Looking at the five year chart I wouldn't call today's situation normal. TED
spread is at 2 now and it's been at 4.5 at the peak of the crisis, at 1
throughout last year and at 0.5 before that. Better than worst, but worse than
any other recent time since 1987.

Much of the interbank trust sits on the health of the mortgages, and whether
the worst in there is priced in or not is unclear.

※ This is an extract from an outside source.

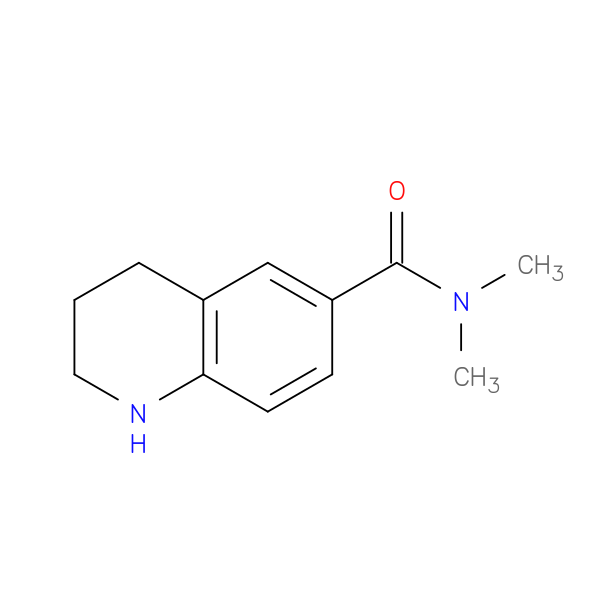 N,N-dimethyl-1,2,3,4-tetrahydroquinoline-6-carboxamide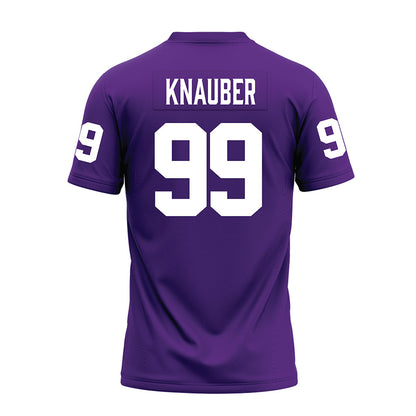 Furman - NCAA Football : Bruce Knauber - Premium Football Jersey-1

I have couple of arguments
towards the worst being still ahead - a) while subprime ARMs are over, option
ARMs have not begun to reset yet[1] b) mortgages issued later in the bubble
were of lower quality than early mortgages(accroding to my common sense) c)
it's unclear when synthetic mortgages come due - it's possible that they have
already fallen apart (hence the acute crisis of trust) or they might be the
last shoe to drop.

And treasuries are only secure if dollar is secure. The recen run-up in dollar
has no fundamnetals behind it other than delveraging, so once that's over it's
bound to tank pulverising the real wealth stored in the treasuries. It's a fun
time - I can't think of _any_ safe assets right now.

[1] see chart in here: <http://www.marketoracle.co.uk/Article5047.html>

------
DenisM
People got their HELOCs taken away and their credit card limits slashed and
shopping is still up. Makes no sense...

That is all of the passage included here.